Management Fees and Partnership Expenses

Although there were no significant changes to ILPA's recommendations regarding management fees and partnership expenses, the revised ILPA Principles concede that general partner insurance coverage should be a partnership expense to be borne by the fund. In addition, unlike the prior version of the ILPA Principles, which specified a 100% offset for transaction and other fees received by the General Partner, the current ILPA Principles do not specify a percentage amount to be offset, perhaps signaling an acknowledgement by ILPA that 80/20 or other offset arrangements are prevalent in the market and may be appropriate.

General Partner Commitment

The updated ILPA Principles make clear that in furtherance of the alignment of interests, the General Partner should not be allowed to co-invest in select underlying deals (i.e., to "cherry pick").

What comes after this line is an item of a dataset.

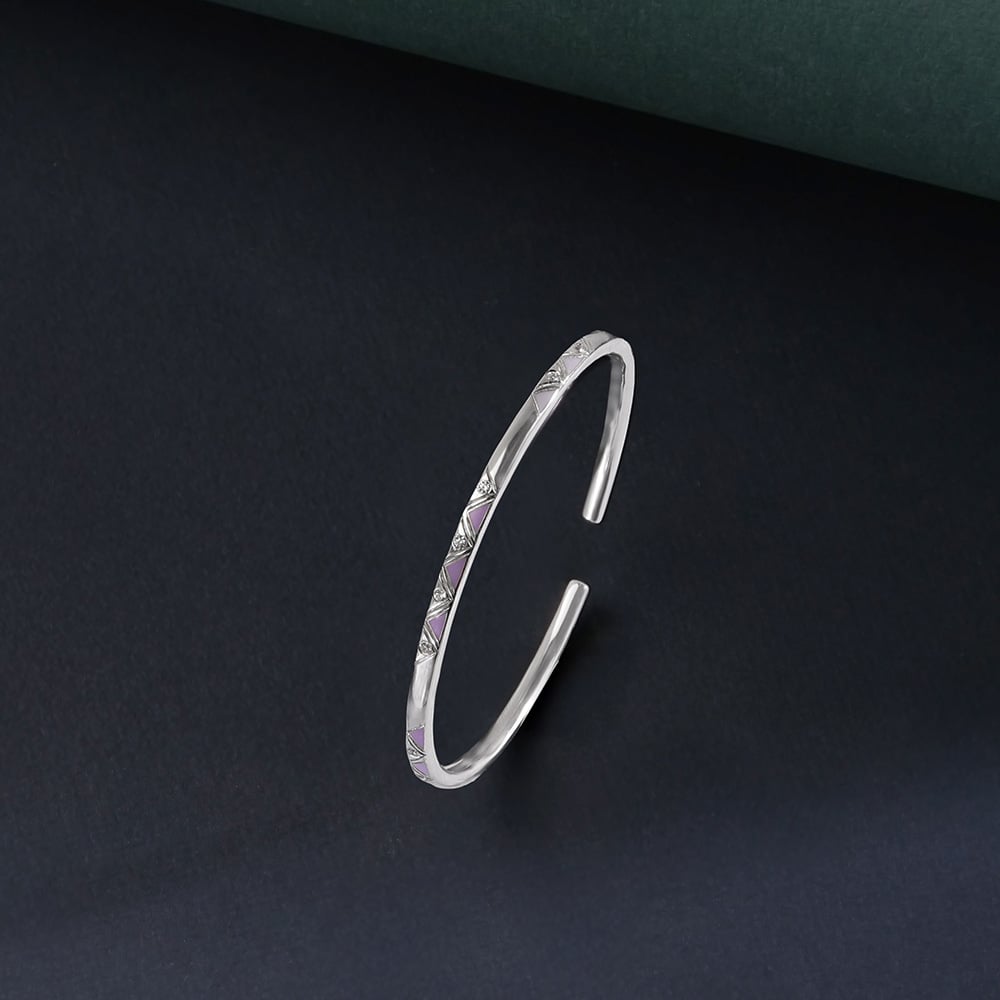 Subtle Spark Silver Bangle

General Partner-Related Fees

The ILPA Principles also clarify that where the General Partner is a part of a large multiple product institution, the General Partner may appropriately charge third-party-like fees to the fund or portfolio company for services provided by an affiliate of the General Partner. However, ILPA recommends that any such fees should be reviewed and approved by a majority of the Limited Partner advisory committee.

Limited Partner Opt Outs

The revised ILPA Principles recognize that the General Partner should accommodate investment restrictions imposed by certain Limited Partners, but caution that allowing such opt outs may require increased focus on concentration limits for remaining Limited Partners.

Limited Partner Clawback

The ILPA Principles now specify suggested limits on the Limited Partner clawback to fund indemnification expenses: a reasonable percentage of committed capital (but no more than 25%) and a reasonable time period (e.g., two years after the date of distribution).

Changes to the Fund — Amendments and No Fault Rights

General Partner-favorable revisions were made to approval and voting thresholds for amendments to the limited partnership agreement ("LPA") and no fault rights. LPA amendments generally should require a majority in interest of Limited Partners, instead of the previously-suggested supermajority. A 66-2/3% vote of Limited Partners (in lieu of a majority) should be able to suspend or terminate the investment period without cause, and a 75% vote of Limited Partners (in lieu of 66-2/3%), should be able to remove the General Partner or terminate the fund without cause.

Key-Man and For Cause Provisions

Previously, the ILPA Principles recommended a 66-2/3% vote of Limited Partners to reinstate the investment period after a key-man or cause event. However, the revised ILPA Principles suggest only a "defined super-majority" vote of Limited Partners, which presumably allows for a higher percentage requirement, such as 75% or 80%. Additionally, in stating that a majority of Limited Partners must be able to remove the General Partner or terminate the fund for cause, the revised ILPA Principles seem to be implicitly accepting the notion that such a removal or termination, rather than being an automatic occurrence, may require a Limited Partner vote. Nevertheless, the ILPA Principles advise that mechanisms for removing the General Partner should allow Limited Partners to act before the fund has suffered irreparable harm.

ILPA has stated that it may issue additional appendices to the ILPA Principles, in response to evolving industry best practices, and that standardized templates for annual and quarterly reporting as well as portfolio metrics are in development.

Footnotes

1 ILPA consists of over 240 institutional limited partners representing more than US $1 trillion of private equity assets under management.